*Task to complete*:
The output is the line containing "The interior of" plus every later line down to the end of the listing below, copied exactly. No pictures belong in it.

### Data records ###

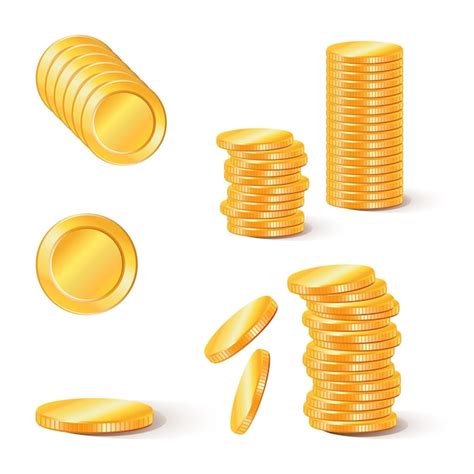 Premium Vector Stacks Of Gold Coins Collection Of Illustrations Icons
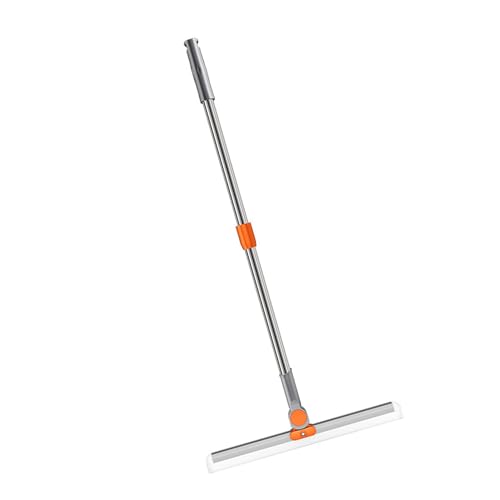 Wasserschieber, Bodenabzieher Besen, Verstellbares Teleskop(98‑110cm) Abzieher Besen, Langer Teleskopstiel Wischerartefakt Wischmopp Nass und Trockenbesen für Badezimmer, Fenster, Deck, Fliesen von Buachois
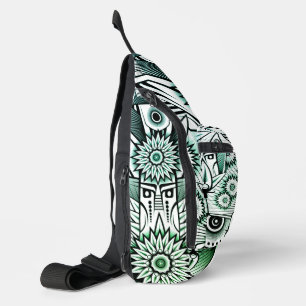 Green Artistic Tribal Design Sling Bag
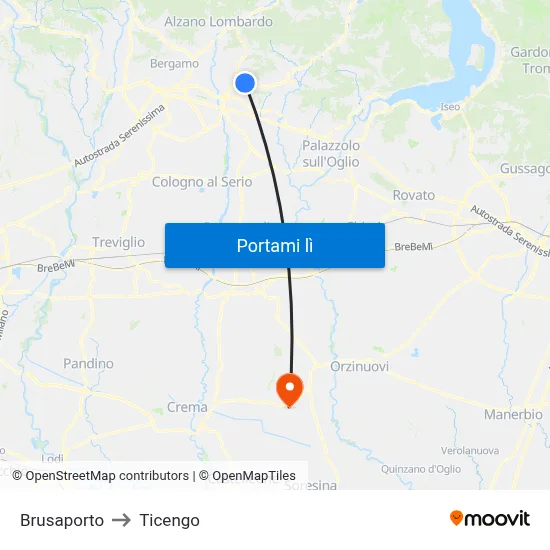 Brusaporto to Ticengo map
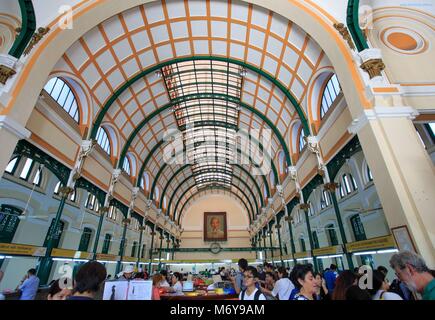 The interior of the Central Post Office in Ho Chi Minh City, Vietnam Stock Photo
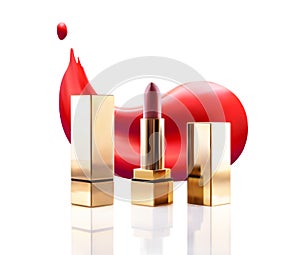 Realistic lipstick cosmetic makeup mockup set. Vector 3d pink red golden color pomade tube and lipstick smudge smear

###

*Problem solution*:
 The interior of the Central Post Office in Ho Chi Minh City, Vietnam Stock Photo
 Realistic lipstick cosmetic makeup mockup set. Vector 3d pink red golden color pomade tube and lipstick smudge smear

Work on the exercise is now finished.